TASK BRIEF:
Starting at the line that contains "فندق Red Carpet Inn Orchard Park", transcribe each line exactly through the end of the data below, and skip any pictures.

---------- GIVEN INFORMATION

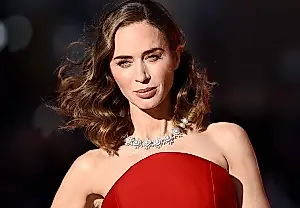 La manicura de Emily Blunt: brillo sutil y un toque rojo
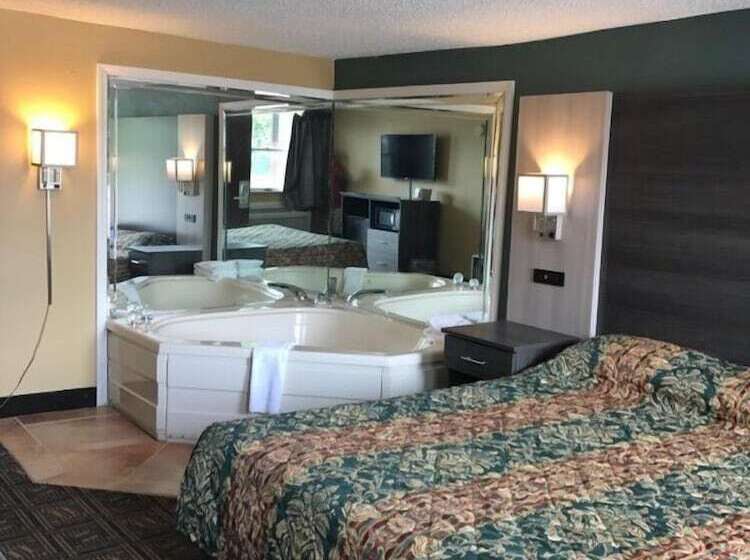 فندق Red Carpet Inn Orchard Park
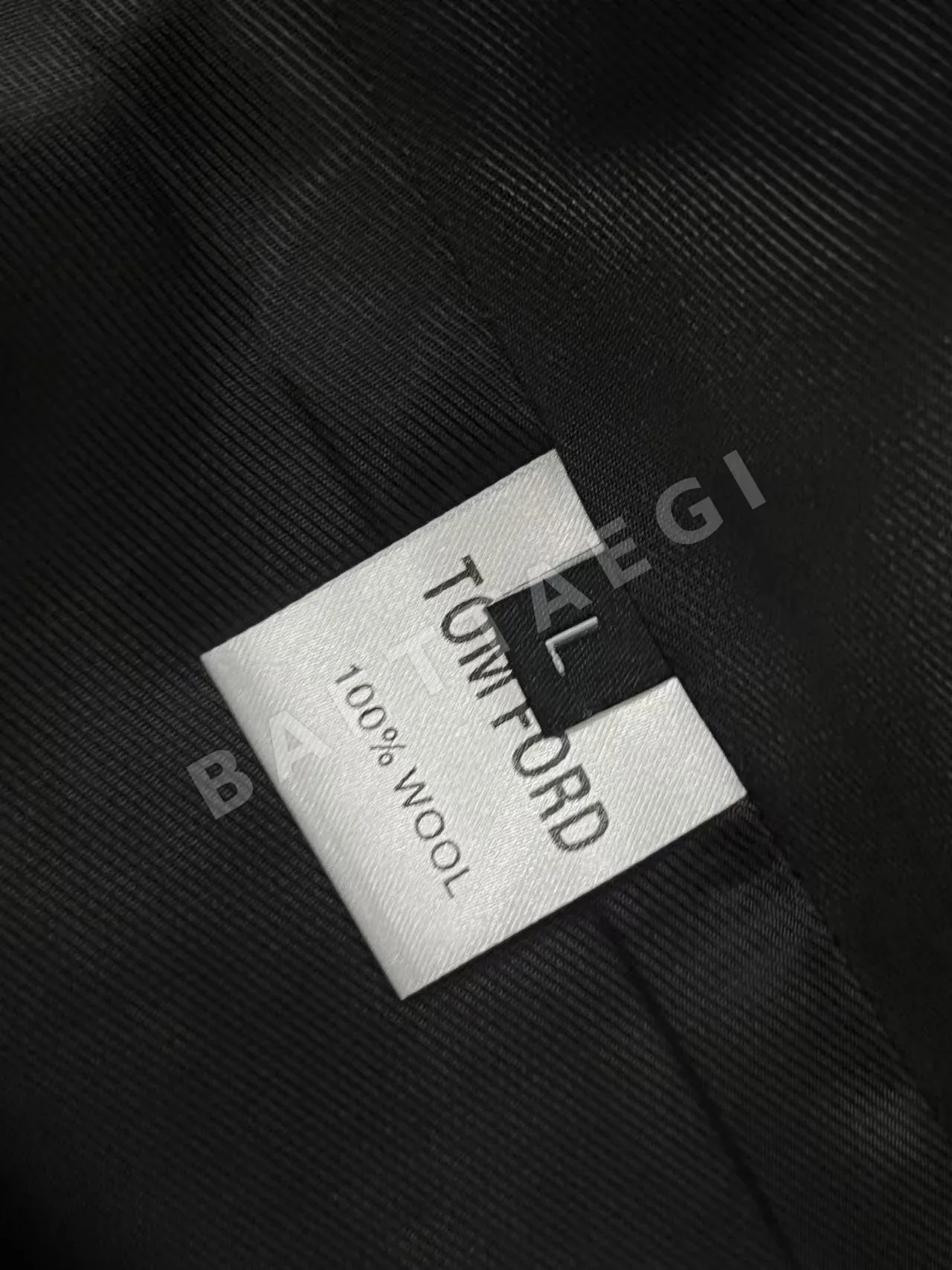 톰포드 TOM FORD 더블 브레스티드 울 코트 상세 이미지 8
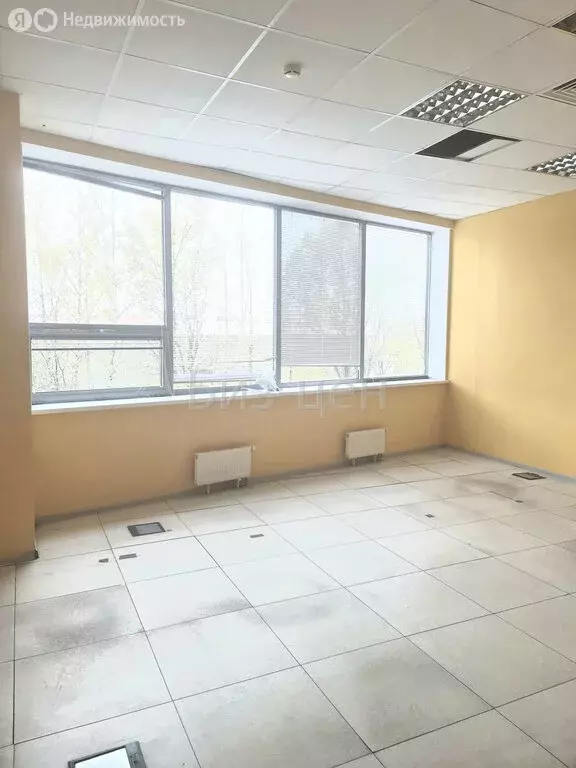 Офис (381.7 м) - Фото 1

--------------------

RESPONSE BELOW:
 فندق Red Carpet Inn Orchard Park
 톰포드 TOM FORD 더블 브레스티드 울 코트 상세 이미지 8
 Офис (381.7 м) - Фото 1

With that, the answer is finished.